In the latest column by Chelsea season ticket holder Giles Smith, he also notes new life for an old Eden Hazard song and considers football without crowds…

Sunday’s emphatic deconstruction of a solidly built Everton side will go down among the season’s best performances, and took place, naturally enough, to a soundtrack significantly dominated by booing – but the good kind, of course.What with Toni Rudiger, Olivier Giroud and Kurt Zouma all on the pitch and all receiving periodic outbreaks of acclaim from the stands in the traditional manner, and what with increasingly frustrated Everton fans jeering (and therefore further inspiring) Ross Barkley, scientists believe these may have been the highest levels of mass lowing ever recorded over 90 minutes at Stamford Bridge. It was good to hear.Meanwhile, with just one full-length Premier League appearance to his name, and on the back of one emphatic demolition of Liverpool’s midfield in the FA Cup, Billy Gilmour is already getting the old Eden Hazard song. I know it’s about syllables, at the end of the day. But even so. It felt somehow resonant. There was a gap to be filled there, and it’s getting filled.

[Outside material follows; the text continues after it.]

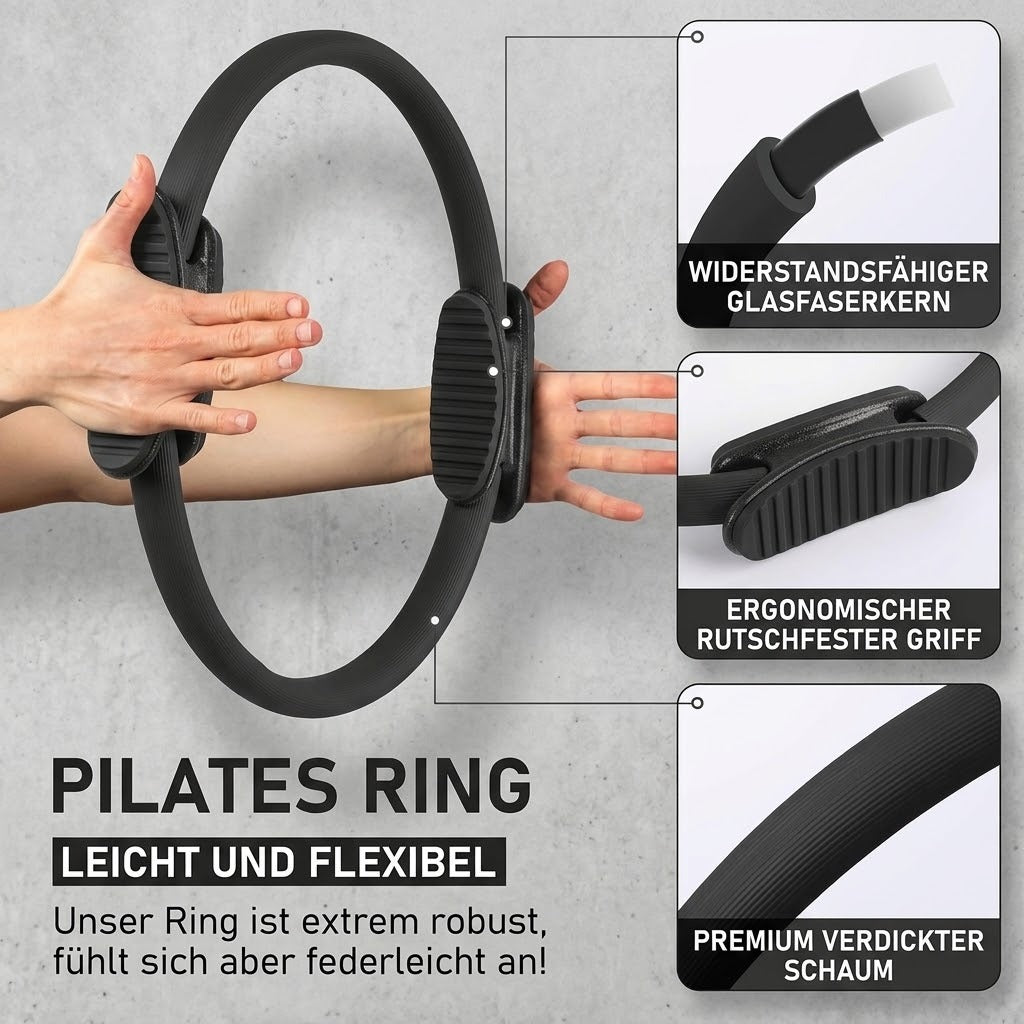 Moverax® Pilates Ring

Given that our last two fixtures have provided so much to feel positive about, it was a bit of a dampener to learn that the second leg of our Champions League tie in Munich next week has fallen victim to the current global health crisis and will take place behind closed doors, and therefore in the absence of any kind of singing whatsoever.It’s a sensible decision, of course, but it’s also hugely disappointing because it means that when our players pull off arguably the most stunning 1-4 away victory in this club’s storied European history and advance in glory to the quarter-finals of the game’s ultimate top-table competition, none of us, barring essential club personnel and a handful of only professionally interested press types, will be there in person to witness it.Of course, there’s always the television coverage. Yet I suppose, overall, I’m with Pep Guardiola, the Manchester City manager, who suggested this week that it was probably better to cancel football than to play it without people in the ground. I had half an eye on PSG v Borussia Dortmund last night and it felt desperately hollow. Fair play to the players for taking it seriously enough to clear the benches for a multi-man brawl near the end, but in the absence of a crowd, even that had an air of going through the motions about it – possibly even felt a little silly. This kind of thing needs fans in order to make sense.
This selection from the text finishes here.